As I predicted would happen in the latest edition of my Index of Leading Environmental Indicators, new data out this week shows that U.S. greenhouse gas emissions actually fell last year by 1.3%, even as the economy grew by 3.3 percent.
This is extremely significant because it is the first time ever that U.S. greenhouse gas emissions have fallen in a non-recession year, and it shows that we can indeed reduce our greenhouse gas emissions intensity (the amount of greenhouse gases emitted per dollar of economic output) at a rate that exceeds our economic growth rate.
So what was the reaction to this good news? Lots of complaints about Bush from the usual suspects. Sen. John Kerry (how many mansions and private planes do he and Teresa have again??) said: “The house is on fire, and he’s [Bush] trying to douse the flames with a watering can. The science tells us that we need to reduce our emissions by 60-80% by 2050 in order to avoid catastrophic damage.”
Jeremy Symons of the National Widlife Federation (by the way, has the NWF figured out a way to reduce the substantial, uh, emissions, of methane from cattle and sheep yet?) huffed: “Unfortunately, until we have government mandates to cut global warming pollution from big polluters, this year’s good news will be swallowed by the trend of rising pollution levels.”

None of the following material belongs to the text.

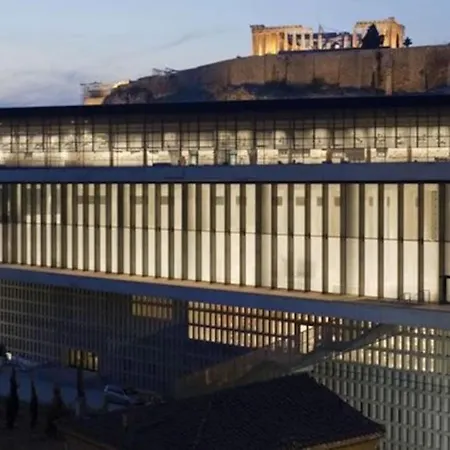 3 Minutes Walk To Acropolis, Stylish * אתונה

This is another example of the boundless ignorance of the greenhouse gas campaigners: since 1990, GHG emissions from U.S. industry (“big polluters”) has been flat; U.S. methane emissions are slightly down in absolute terms, in fact. The growth in U.S. greenhouse gas emissions has come overwhelmingly from households and the transport sector–functions partly of rising population (and immigration?? Better not go there if you’re a green.). In other words, when folks say “big polluters,” they should look in the mirror. Especially if your name is Kerry or Gore, and you libe in 10,000 square foot houses.